Rooks are incredibly intelligent birds. They have been documented making and using tools, they are thought to have long memories, and they are often found in myth as birds of prophecy and as symbols of death. There is something preternaturally intriguing about them for sure. When young William Bellman wants to show off his new catapult to his friends, he chooses to shoot a rock at a distant rook, killing it on impact. After admiring the true shot, he and his friends all go home and forget about the dead rook. But the parish, building, clamour, parliament, storytelling, or whatever collective noun you choose, of rooks do not forget their fallen comrade.

Life goes on for William though and he seems to live a good and charmed one at that. He learns his uncle's cloth dyeing textile business. He marries happily and has several children. He is wildly successful, well liked, and intelligent. But then tragedy overtakes him. First some of childhood friends die untimely deaths. Then his wife and all but one of his children succumb to an epidemic. As he lays in the graveyard consumed with grief and worry about his final living child who is clearly dying as well, a mysterious stranger who had appeared at all of the funerals William himself has had to attend over the past few years happens upon him and plants an idea, an opportunity arising out of the ashes of the dead, in William's head. William agrees to this deal and his daughter Dora slowly starts to recover. He stops caring about the dyeing industry and turns his attention to the business of death and mourning, building an enormous monument to the grave, a funerary emporium, death's department store. He creates Bellman and Black, purveyors of all things needed to mourn and to die.

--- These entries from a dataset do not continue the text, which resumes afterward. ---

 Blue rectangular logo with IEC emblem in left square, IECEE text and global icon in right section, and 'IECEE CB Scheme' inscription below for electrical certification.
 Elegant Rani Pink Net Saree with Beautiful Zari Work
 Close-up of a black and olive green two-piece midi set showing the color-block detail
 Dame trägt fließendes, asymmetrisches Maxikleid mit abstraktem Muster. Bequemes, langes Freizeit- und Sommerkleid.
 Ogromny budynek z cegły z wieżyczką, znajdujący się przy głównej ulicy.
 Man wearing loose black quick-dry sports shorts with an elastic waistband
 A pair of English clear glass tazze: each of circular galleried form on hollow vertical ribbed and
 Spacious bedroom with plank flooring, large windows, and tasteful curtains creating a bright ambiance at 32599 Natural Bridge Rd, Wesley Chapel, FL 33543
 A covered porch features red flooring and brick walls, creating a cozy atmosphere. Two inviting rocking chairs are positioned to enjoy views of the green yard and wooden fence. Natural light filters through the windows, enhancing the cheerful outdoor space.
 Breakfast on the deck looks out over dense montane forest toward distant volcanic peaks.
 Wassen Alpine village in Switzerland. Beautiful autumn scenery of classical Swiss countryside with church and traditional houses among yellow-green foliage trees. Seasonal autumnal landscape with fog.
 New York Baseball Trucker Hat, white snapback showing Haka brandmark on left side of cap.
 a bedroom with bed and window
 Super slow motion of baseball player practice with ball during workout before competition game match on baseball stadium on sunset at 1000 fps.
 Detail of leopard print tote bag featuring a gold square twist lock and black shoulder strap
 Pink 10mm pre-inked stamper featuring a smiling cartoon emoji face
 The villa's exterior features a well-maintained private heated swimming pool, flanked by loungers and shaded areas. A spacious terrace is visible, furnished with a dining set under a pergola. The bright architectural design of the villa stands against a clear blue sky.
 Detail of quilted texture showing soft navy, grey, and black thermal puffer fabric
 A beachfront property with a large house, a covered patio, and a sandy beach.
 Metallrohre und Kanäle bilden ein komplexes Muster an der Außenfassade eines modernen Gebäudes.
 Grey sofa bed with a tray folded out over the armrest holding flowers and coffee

Setterfield has written an unsettling story that is no traditional ghost story. Certainly Bellman is haunted by the death he caused so long ago and the losses he suffers in his own life but there is something more, something subtle, dark, and somber to this tale than just a simple ghost story. Almost half of the novel details the charmed life that William leads, going into detail about the processes in the cloth industry. He seems truly to be "to the good" until his own grief threatens to pull him into the grave that so many of his beloved already inhabit. And then he changes, becoming melancholy, obsessed with death, gloomy, and cold. He is driven to make his new business a success and he does that even as the narrative tension starts to tauten with an ominous unease. As those around him wonder about the shadowy Mr. Black, the reader must wonder too if he in fact exists or is just the tortured image of Bellman's increasingly unsettled mind.

Setterfield skillfully evokes the Victorian sensibility with her writing. Through the characters of William and the mysterious stranger, she offers half hidden and obscured intentions that make the story a degree more menacing than it might be otherwise. The interspersed passages about rooks and the mythology behind them are interesting, especially as they are symbols of memory, and these bits certainly add a creepy fascination to the reading. And yet there is little here to keep the reader turning pages beyond Bellman's torments as few of the other characters are well enough described to hold the reader's attention. Setterfield is a writer who knows how to use and manipulate language beautifully but this novel just doesn't have the fullness of an intriguing story behind it on which to hang those elegant and precise words.

Thanks to the publisher for sending me a copy of this book for review.